Tuesday, October 6, 2009
I love watching children tranform themselves into whatever they can dream up. Their imaginations can take them to a land of "make-believe". When my girls were younger they would conjure up magical worlds where they could fly on cardboard wings, sing on giant stages into hairbrush microphones and become invisible in a nano-second. Even as they get older, I love to encourage them to continue this pretend play. It is a variation of what they used to play, but it seems to stretch them into broader persons... dreaming of what could be.
One of the things I love most about making my creations is wondering what my tutu or cape is going to be.... a prima ballerina or a fairy godmother? A super hero or a knight? The possibilities are endless and timeless.
But the experts say pretend play isn't all for fun. It is an essential and critical part of a child's development.
"Young children learn by imagining and doing. Watch a child pick up a stone and pretend it is a zooming car, or hop a Lego across the table as if it were a person or a bunny? Children use an object to represent something else while giving it action and motion.

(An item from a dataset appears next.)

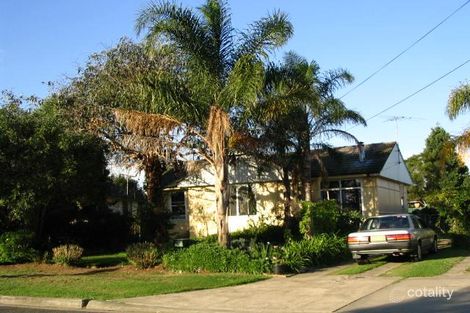 25 Benfield Pde, Panania, NSW 2213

But this pretend play is not as simple as it may seem. The process of pretending builds skills in many essential developmental areas.
Pretend play builds social and emotional skills. When your child engages in pretend (or dramatic) play, he is actively experimenting with the social and emotional roles of life. Through cooperative play, he learns how to take turns, share responsibility, and creatively problem-solve. When your child pretends to be different characters, he has the experience of "walking in someone else's shoes," which helps teach the important moral development skill of empathy.
Pretend play builds language skills. Have you ever listened in as your child engages in imaginary play with his toys or friends? You will probably hear some words and phrases you never thought he knew! In fact, we often hear our own words reflected in the play of children. Kids can do a perfect imitation of mom, dad, and the teacher! Pretend play helps your child understand the power of language. In addition, by pretend playing with others, he learns that words give him the means to reenact a story or organize play. This process helps your child to make the connection between spoken and written language — a skill that will later help him learn to read.
Pretend play builds thinking skills. Pretend play provides your child with a variety of problems to solve. Whether it's two children wanting to play the same role or searching for the just right material to make a roof for the playhouse, your child calls upon important cognitive thinking skills that he will use in every aspect of his life, now and forever."
(This quoted article is an excerpt from a piece written by Ellen Booth Church, a professor in Early Childhood Education, education consultant and author.) To link to the article in its entirety, go to http://www2.scholastic.com/browse/article.jsp?id=10175.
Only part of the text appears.